Brush the bread slices with melted butter and top with garlic. Toast in the oven until browned. Cut the fish in chunks about 2 inches square. Add to the sauce and cook for 8 to 10 minutes, or until the fish is almost done.

Add the crabmeat and clams. Stir, then cover. Cook until the clams have opened. Reserve 1 cup of the liquid for making Rouille.

Prepare the Rouille. Place 1 piece of garlic bread in each bowl, then spoon in the fish and broth. Arrange the clams on top. Garnish with parsley. Serve the Rouille on the side.


Makes about 1 1/2 cups

  • 1 small potato, peeled
  • 1 cup broth from Chesapeake Bay Seafood Stew
  • 6 cloves garlic
  • 4 fresh or dried red chilies
  • 1 teaspoon Tabasco sauce
  • 1/2 cup olive oil
  • Salt, to taste

Quarter the potato and cook in the reserved broth. Drain, reserving the liquid. Finely chop the garlic and red chilies in a blender or a food processor. Add the potato, Tabasco, and oil. Process until the mixture forms a paste. Slowly add enough of the reserved liquid to give the mixture the consistency of mayonnaise. Season with salt.

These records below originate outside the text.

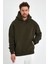 Haki Hoodie, Oversize Sweatshirt, Erkek Hoodie, Kanguru Cep Kapüşonlu 2
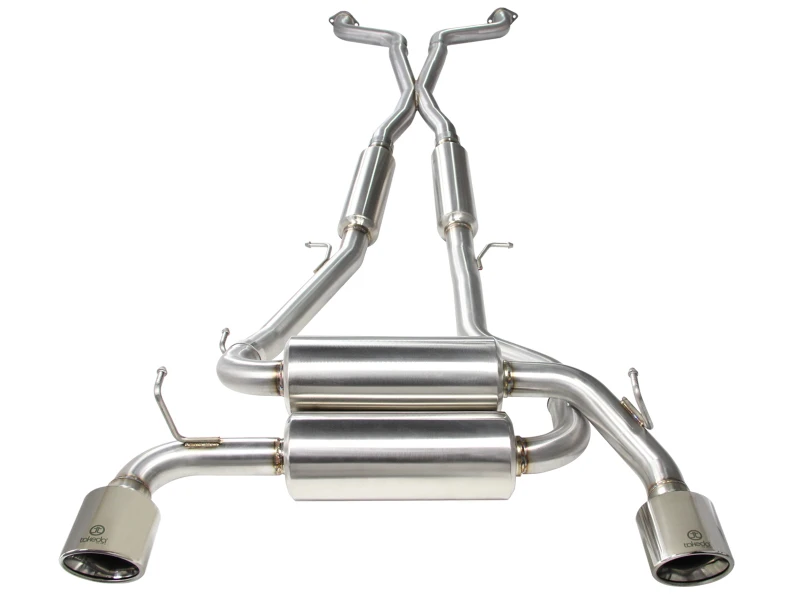 aFe Takeda 2-1/2 Zoll 304SS Kat-Back Auspuff Infiniti G37 08-13/Q60 14-15 V6-3.7 mit polierten Endrohren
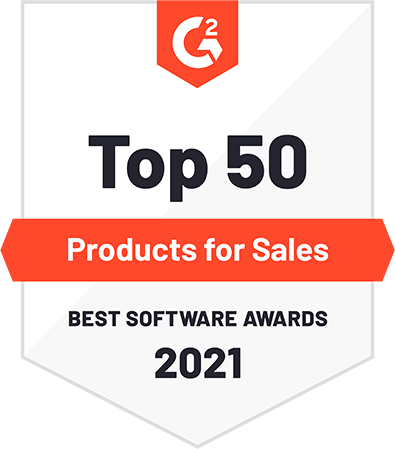 Top 50 products for sales g2 badge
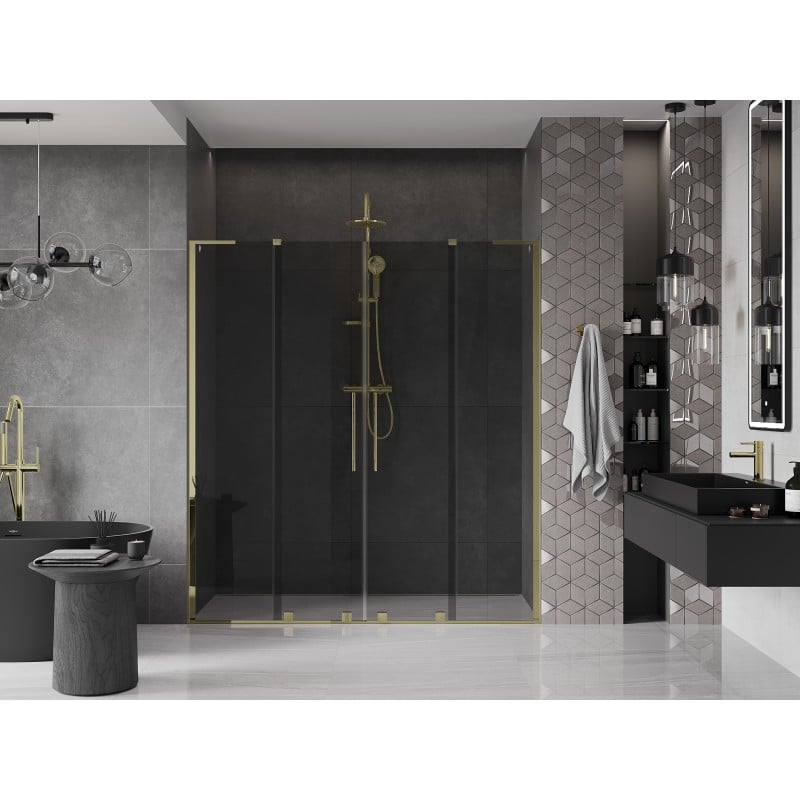Mexen Velar L Duo Schiebetür 180 cm, Graphit, Gold - 871-180-003-42-50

Green Beans with Country Ham and Sautéed Peanuts

Serves 10 to 12

William Taylor, a.k.a. The Dinner Designer, liked to cook up a platterful of crisp green beans, generously coated with a tart and pungent Dijon butter sauce, then tossed with Smithfield ham and sautéed peanuts.

  • 2 pounds green beans
  • 8 tablespoons (1 stick) plus 6 tablespoons (3⁄4 stick) butter
  • Juice of 2 lemons
  • 2 tablespoons Dijon mustard
  • Salt and freshly ground
  • black pepper
  • 2 cups julienned
  • Smithfield ham
  • 1 1/2 cups peanuts, coarsely chopped

Using scissors, snip off the ends of the beans on the diagonal, leaving the beans whole. Bring a saucepan filled with salted water to a boil. Add the beans and cook, checking constantly until done but still crisp, about 5 to 8 minutes. Drain immediately and place in a large deep bowl. Cut the stick of butter in chunks over the beans. Add the lemon juice and mustard. Season with salt and pepper. Add the ham and stir gently to mix all ingredients.

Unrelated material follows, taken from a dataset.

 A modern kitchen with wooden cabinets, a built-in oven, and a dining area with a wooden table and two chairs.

Sauté the peanuts in the remaining 6 tablespoons butter for just a few minutes, stirring constantly. Place the peanuts in a strainer to drain off any excess butter. Arrange the beans on an oval platter and spoon a long line of sautéed peanuts down the center. Serve immediately.

Chocolate Bourbon Pecan Pie

Makes one 9-inch pie // Serves 6 to 8

Accenting this rich pecan pie with chocolate gives a new twist to a Southern classic.

Pastry Dough for a Single-Crust Pie

  • 3 eggs, beaten
  • 1 cup sugar
  • 1 cup dark corn syrup
  • 6 tablespoons butter, melted and cooled
  • 1 tablespoon flour
  • 1 teaspoon vanilla extract
  • 3 ounces unsweetened chocolate, melted and cooled
  • 1⁄4 cup bourbon whiskey
  • 1 1⁄2 cups pecan halves or pieces, lightly toasted
  • Sweetened whipped cream, for accompaniment

Prepare pastry dough and line a 9-inch pie pan.

Preheat the oven to 400°F.

Beat together the eggs and sugar in a large bowl. Mix in the corn syrup, butter, flour, vanilla, chocolate, and bourbon. Pour into the pie crust and arrange the pecans on top.

Bake 20 minutes, then reduce heat to 325°F and continue baking for 30 minutes, or until set and a knife inserted in center comes out clean. Serve warm with sweetened whipped cream.